Completely unsure how to approach this problem - would love some guidance here, thanks!
推荐答案
几个关键概念
- 在两个数据帧之间做一个笛卡尔积以获得所有组合(在两个数据帧之间加入相同的值是这个
foo=1
的方法) - 将两组数据放在一起后,使用两组经纬度来计算距离)geopy 已用于此
- 清理列,使用
sort_values()
找到最小距离 - 最后一个
groupby()
和agg()
来获取最短距离的第一个值
- do a Cartesian product between two data frames to get all combinations (joining on identical value between two data frames is approach to this
foo=1
) - once both sets of data is together, have both sets of lat/lon to calculate distance) geopy has been used for this
- cleanup the columns, use
sort_values()
to find smallest distance - finally a
groupby()
andagg()
to get first values for shortest distance
有两个数据框可供使用
dfdist
包含所有组合和距离dfnearest
包含结果
dfdist
contains all the combinations and distancesdfnearest
which contains result
dfstat = pd.DataFrame({'STOP_ID': ['19970', '19971', '19972', '19973', '19974'],
'STOP_NAME': ['Royal Park Railway Station (Parkville)',
'Flemington Bridge Railway Station (North Melbo...',
'Macaulay Railway Station (North Melbourne)',
'North Melbourne Railway Station (West Melbourne)',
'Clifton Hill Railway Station (Clifton Hill)'],
'LATITUDE': ['-37.781193',
'-37.788140',
'-37.794267',
'-37.807419',
'-37.788657'],
'LONGITUDE': ['144.952301',
'144.939323',
'144.936166',
'144.942570',
'144.995417'],
'TICKETZONE': ['1', '1', '1', '1', '1'],
'ROUTEUSSP': ['Upfield',
'Upfield',
'Upfield',
'Flemington,Sunbury,Upfield,Werribee,Williamsto...',
'Mernda,Hurstbridge'],
'geometry': ['POINT (144.95230 -37.78119)',
'POINT (144.93932 -37.78814)',
'POINT (144.93617 -37.79427)',
'POINT (144.94257 -37.80742)',
'POINT (144.99542 -37.78866)']})
dfsub = pd.DataFrame({'id': ['4901', '4902', '4903', '4904', '4905'],
'postcode': ['3000', '3002', '3003', '3005', '3006'],
'suburb': ['MELBOURNE',
'EAST MELBOURNE',
'WEST MELBOURNE',
'WORLD TRADE CENTRE',
'SOUTHBANK'],
'state': ['VIC', 'VIC', 'VIC', 'VIC', 'VIC'],
'lat': ['-37.814563', '-37.816640', '-37.806255', '-37.822262', '-37.823258'],
'lon': ['144.970267', '144.987811', '144.941123', '144.954856', '144.965926']})
import geopy.distance
# cartesian product so we get all combinations
dfdist = (dfsub.assign(foo=1).merge(dfstat.assign(foo=1), on="foo")

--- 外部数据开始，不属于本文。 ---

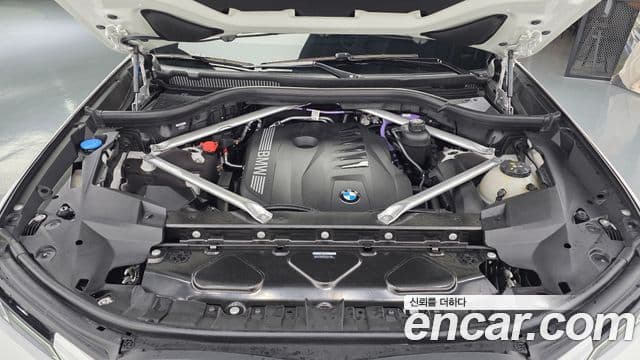 BMW X7 2025 — Photo 2/20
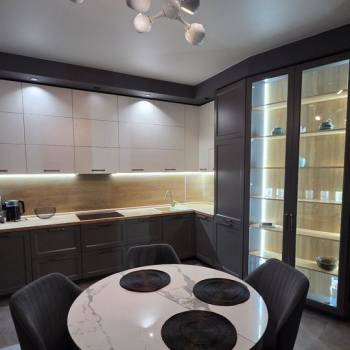 Сдается 2-х комнатная квартира, 80 м²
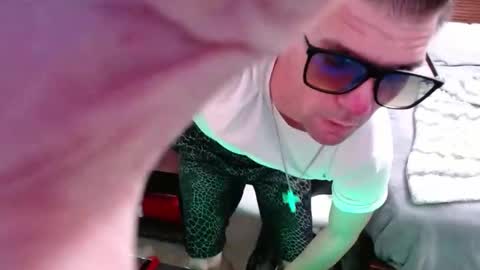 Walker online show from 09-29-25, 04:17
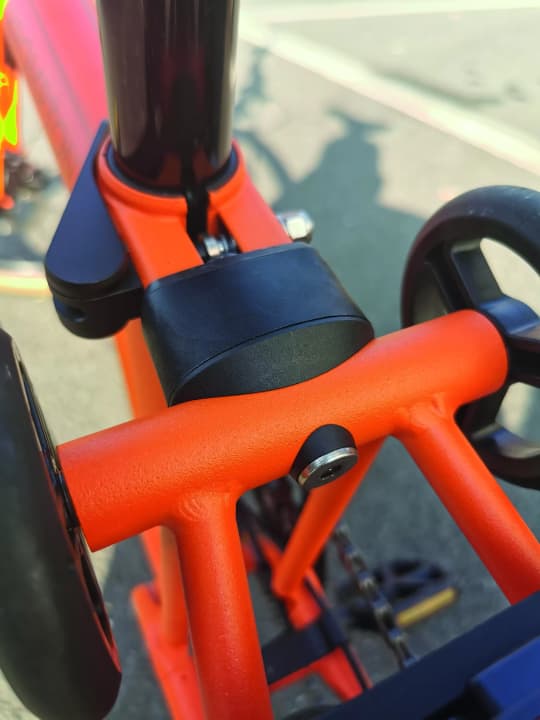 The contact point between the rear triangle and the main frame is the dark rubber bumper, which also increases riding comfort.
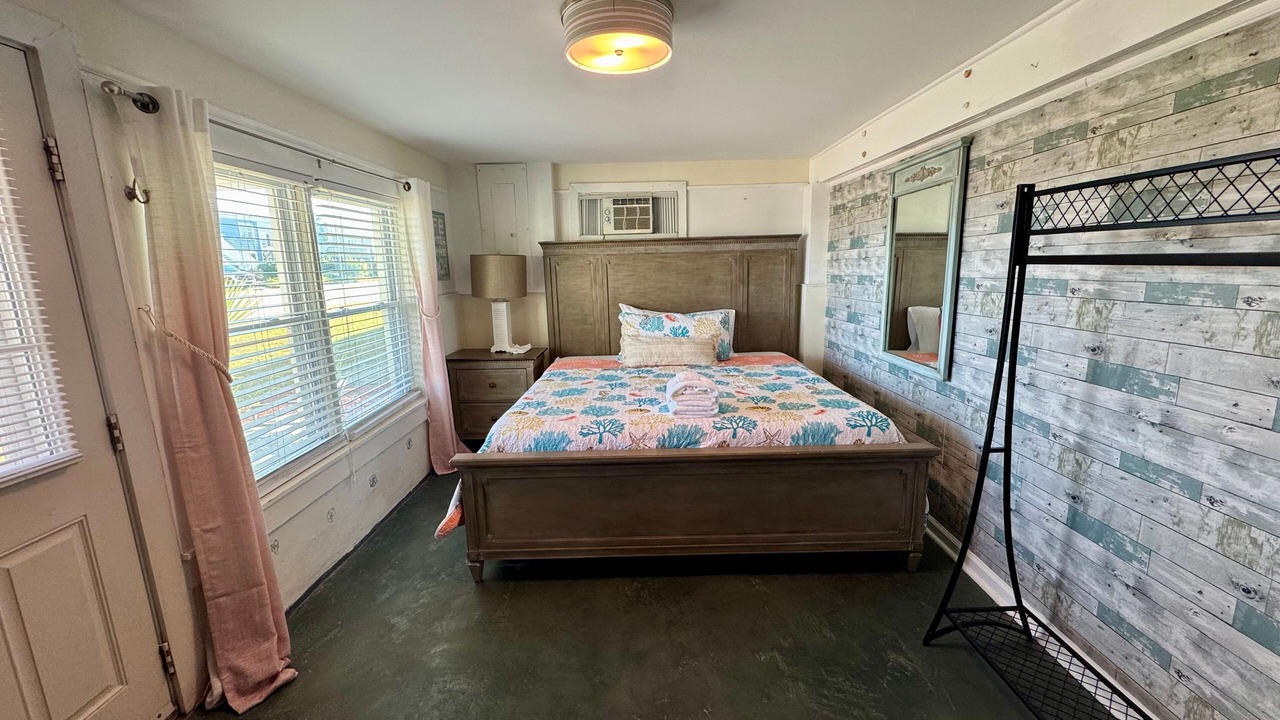 Photo of Bedroom in Edisto Island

# calc distance in km between each suburb and each train station
.assign(km=lambda dfa: dfa.apply(lambda r:
geopy.distance.geodesic(
(r["LATITUDE"],r["LONGITUDE"]),
(r["lat"],r["lon"])).km, axis=1))
# reduce number of columns to make it more digestable
.loc[:,["postcode","suburb","STOP_ID","STOP_NAME","km"]]
# sort so shortest distance station from a suburb is first
.sort_values(["postcode","suburb","km"])
# good practice
.reset_index(drop=True)
)
# finally pick out stations nearest to suburb
# this can easily be joined back to source data frames as postcode and STOP_ID have been maintained
dfnearest = dfdist.groupby(["postcode","suburb"])\
.agg({"STOP_ID":"first","STOP_NAME":"first","km":"first"}).reset_index()
print(dfnearest.to_string(index=False))
dfnearest
输出
postcode suburb STOP_ID STOP_NAME km
3000 MELBOURNE 19973 North Melbourne Railway Station (West Melbourne) 2.564586
3002 EAST MELBOURNE 19974 Clifton Hill Railway Station (Clifton Hill) 3.177320
3003 WEST MELBOURNE 19973 North Melbourne Railway Station (West Melbourne) 0.181463
3005 WORLD TRADE CENTRE 19973 North Melbourne Railway Station (West Melbourne) 1.970909
3006 SOUTHBANK 19973 North Melbourne Railway Station (West Melbourne) 2.705553
减少测试组合大小的方法
# pick nearer places, based on lon/lat then all combinations
dfdist = (dfsub.assign(foo=1, latr=dfsub["lat"].round(1), lonr=dfsub["lon"].round(1))
.merge(dfstat.assign(foo=1, latr=dfstat["LATITUDE"].round(1), lonr=dfstat["LONGITUDE"].round(1)),
on=["foo","latr","lonr"])
# calc distance in km between each suburb and each train station
.assign(km=lambda dfa: dfa.apply(lambda r:
geopy.distance.geodesic(
(r["LATITUDE"],r["LONGITUDE"]),
(r["lat"],r["lon"])).km, axis=1))
# reduce number of columns to make it more digestable
.loc[:,["postcode","suburb","STOP_ID","STOP_NAME","km"]]
# sort so shortest distance station from a suburb is first
.sort_values(["postcode","suburb","km"])
# good practice
.reset_index(drop=True)
)
这篇关于Python 位置,显示与最近的其他位置的距离的文章就介绍到这了,希望我们推荐的答案对大家有所帮助,也希望大家多多支持IT屋!